Cheap mobo that doesn't cause issues with Ubuntu.

Liam Proven lproven at gmail.com
Wed Feb 15 16:53:41 UTC 2017


On 15 February 2017 at 09:06, Ralf Mardorf <silver.bullet at zoho.com> wrote:
> At least one PCIe slot, one PCI slot and one USB port must have an IRQ
> that isn't shared with anything else.


PCI should not be that hard to find. PCI-e is normal.

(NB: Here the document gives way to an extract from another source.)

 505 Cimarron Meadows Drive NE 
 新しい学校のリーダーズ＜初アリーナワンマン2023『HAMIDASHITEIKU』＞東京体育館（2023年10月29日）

A PS/2 port is most often found on gamers' motherboards today. Some
extreme gamers feel that USB mice suffer from latency or jitter and
prefer PS/2 mice. I think this is as completely untrue as homeopathy,
but hey, their choice.

(I suppose I should not criticise too much myself here, as I am typing
on an IBM Model M keyboard that was made on 1993-01-25. At least one
of my colleagues on my current contract is younger. It is attached to
a Thinkpad X220 that I just bought last month but which is itself 3-4
years old.)

You cannot get the IRQ line specified, though, I think. On
plug-and-play systems -- anything with ACPI-capable firmware -- this
is specified dynamically at boot time. On PCI systems, IRQ sharing is
normal, as IRQs are level-triggered not edge-triggered as they were on
ISA computers.

So many things might share the IRQ of any given device, and that IRQ
could vary from one boot up to the next.

Windows offers ways to reserve such resources but I don't think Windows does.